Barb is a special ed. teacher and a ski instructor. Her husband is a commercial pilot who knew enough to retire early to bed. Their house reminded me of Cambridge, Massachusetts with its wood stained moldings and doors, bay window, eclectic furniture and a jungle of houseplants. Barb (standing on the right in profile) has a close circle of friends who met through their little kids, who are now soon to be heading off to college.


Maria Padian (second from the left) and Charlotte Agell (left of Barb) both write young adult fiction. Maria’s debut book is coming out next March; it sold in only a month. She writes that well. Charlotte is waiting to hear back from her editor about her twelfth book, and I’m as eager since I was a reader.

Both Maria and Charlotte have read for me too – it helps to have the support. As Charlotte said, “having a manuscript out there is like standing naked, waiting for someone to throw you clothes.” Charlotte illustrates her books, and her egg was as funky, bright and original as her writing.

I had arrived late to the egg party after taking my kids to a Seder at Bowdoin. My nine-year-old daughter sighed with relief when they made only the college freshman rise to recite the four questions of Passover, normally asked by the youngest child. It begins with: “Why is this night different from all other nights?” The answer tells of how Moses led the Jews out of enslavement in Egypt into the desert onto Israel. A Seder is designed for children so that the lessons of the past will never be forgotten.


I like to tell my children that the Last Supper was a Passover Seder and that the Jews and the Christians worship the same God. We celebrate a sampling of the holidays: Passover, Easter, Christmas, Hanukkah, Yom Kippur and Rosh Hashanah. My children attended Hebrew School for several years. At Christmas we go to see their friends perform the First Parish Church's pageant. For Easter Sunday we’re getting together with two Catholic families on Westport Island.

In England we return to Henry’s village church on the Thames. Our son was christened in a Georgian gown passed down through my husband’s Anglican family. My son’s Great Grandfather Eric lived just long enough for the christening. There were tears of happiness in his eyes as he gave his great grandson a silver mug that had been his.

Religion for me is more about tradition and family heritage than it is about belief. My father is Jewish and my mother is Episcopalian. Her mother was a Christian Scientist and her father a Congregationalist.

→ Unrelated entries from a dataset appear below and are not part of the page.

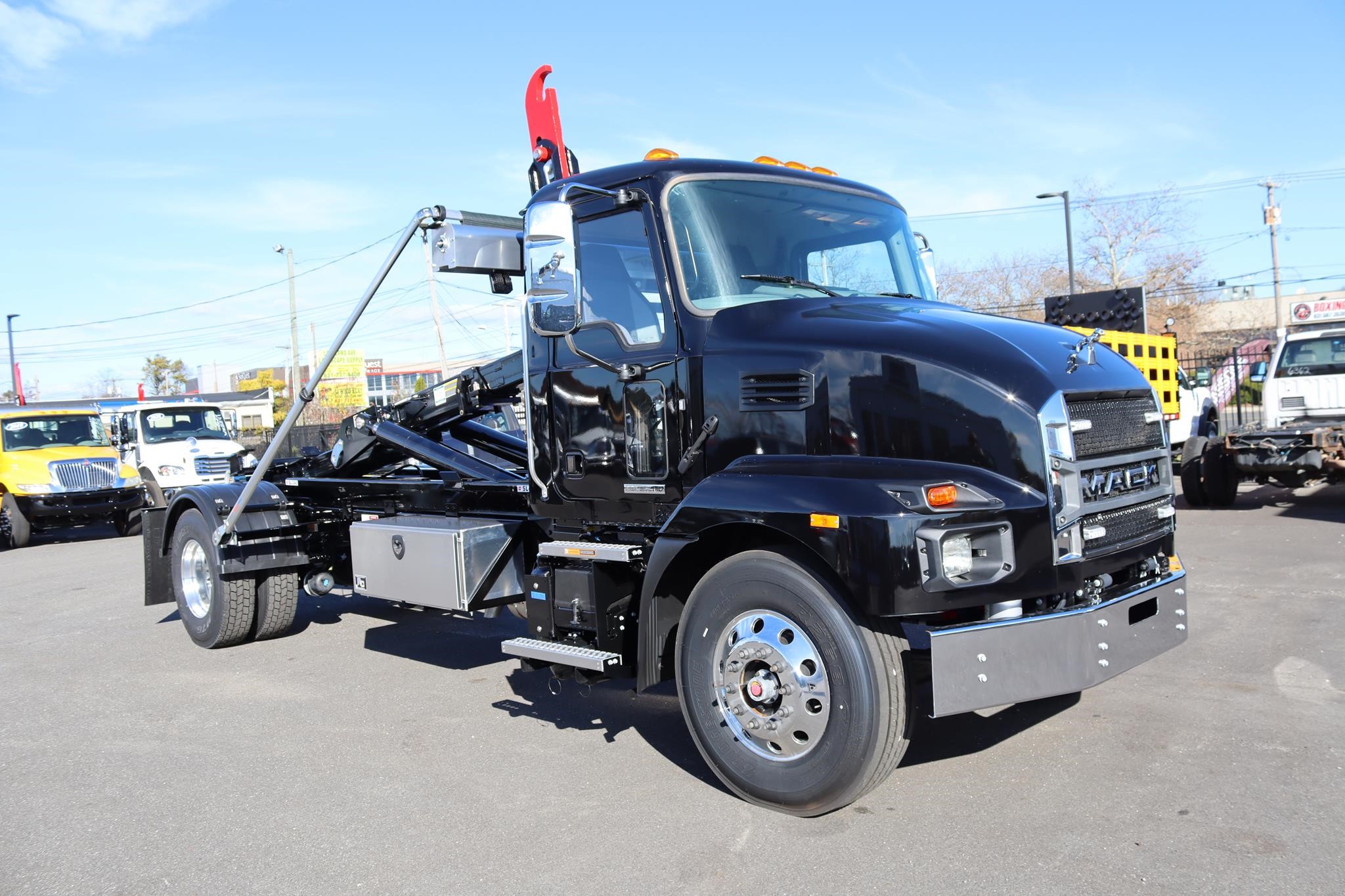 2026 MACK MD7 - image 5 of 6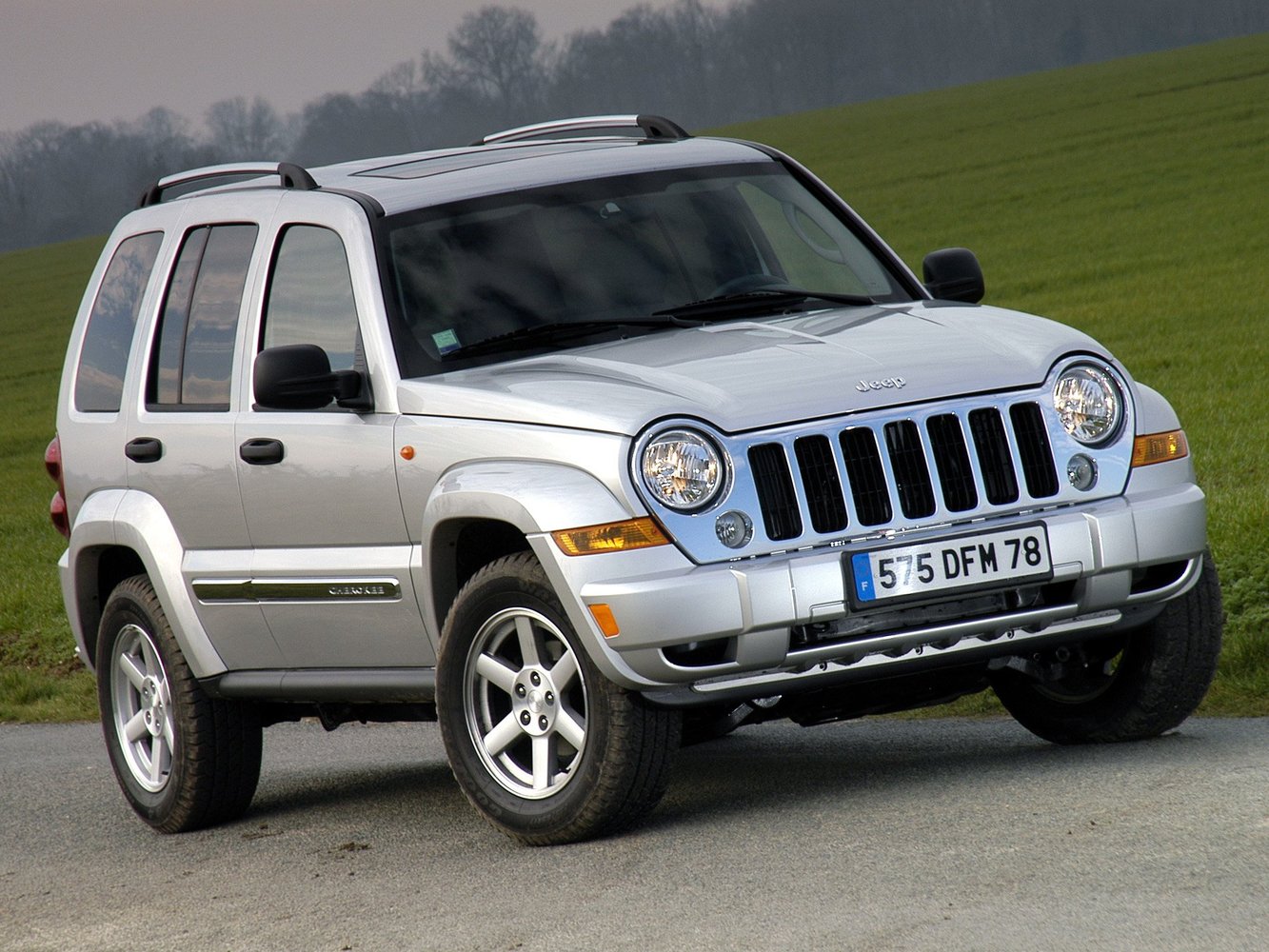 Jeep Cherokee 2005 - 2007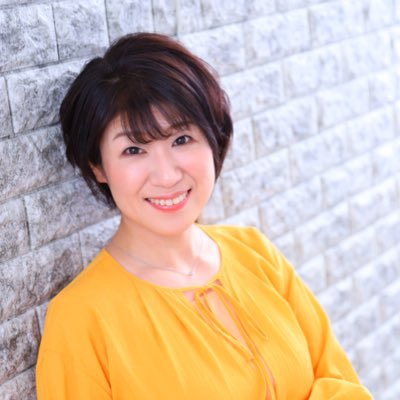 フリーのナレーターです。 「ブラックペアン2」「バナナサンド」「世界ふしぎ発見!」解説放送 「週刊ニュースリーダー 」「ハシアゲ」「フランスベッド」CM他、ナレーション担当しております。
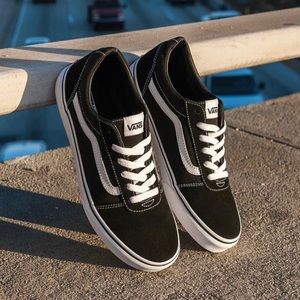 New vans men’s ward sneakers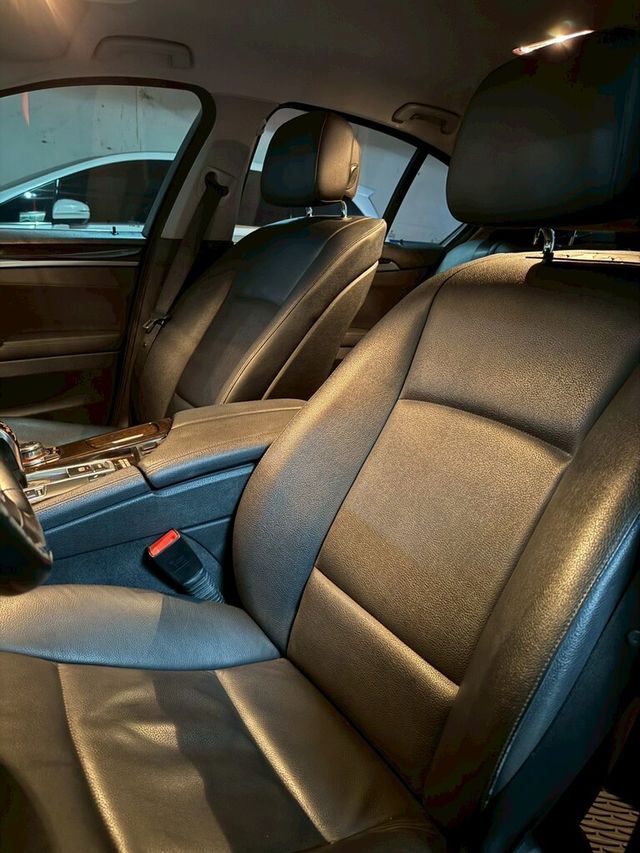 BMW寶馬 520D  第7張相片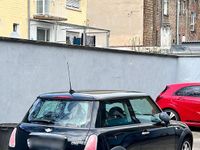 Gebraucht Mini Cooper 90 PS (66 kW) 2005 Schwarz Kleinwagen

Raised among so many religions, it seemed only natural for me to take on religious diversity as a theme in my second novel. In S.A.D. (School Administration District) a Maine school board wrestles over adding Creationism/Intelligent Design to the science curriculum. Tangled relationships, gossip and quirky personalities interplay in small town politics. It's a dark comedy featuring a love story between a divorced naval wife and a lobsterman.

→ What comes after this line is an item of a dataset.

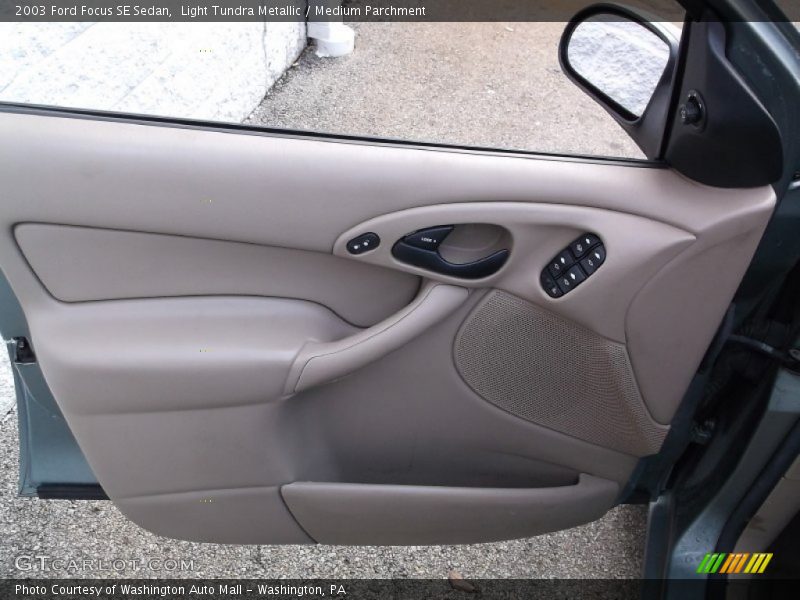 Light Tundra Metallic / Medium Parchment 2003 Ford Focus SE Sedan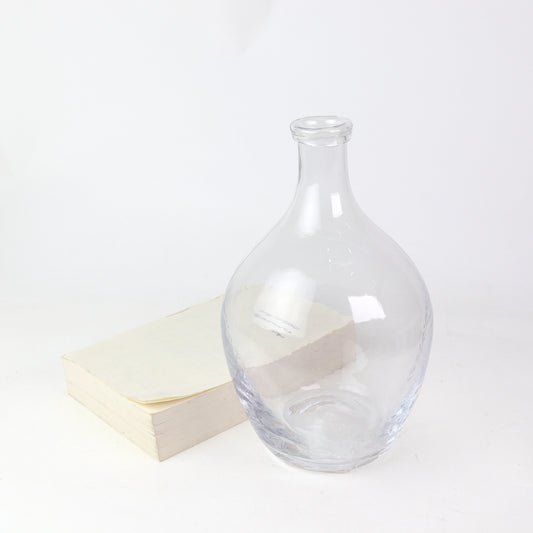 10.5" Clear Vase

For research on S.A.D., I went to church. There are a large number of Catholics in Maine from the early French colonists and the Irish farmers who immigrated during the potato famine. In Brunswick there are two Catholic communities historically divided by the railroad tracks. On the downtown side are the French Catholics at St. John’s.

I attended the Irish Catholic church and was surprised by how casual it was. The choir leader is usually shoeless, and few people dress up. Afterward people hang out for doughnuts and coffee – there were many familiar faces. At this popular church there are three masses on Sunday and one on Saturday evening and on weekday mornings.

I was surprised to find that The Seventh-day Adventist Church was not that different. There were hymns and Bible stories with an uplifting sermon. The pastor was a well-spoken woman, and the pews were full of young families and the elderly. The evangelicals weren’t dancing in the aisle, although there was more talk of salvation and seeing the light.

Researching my novels has been a broadening experience for me. Like the weather, Maine is never what you’d expect.

Horses on Popham Beach last Saturday.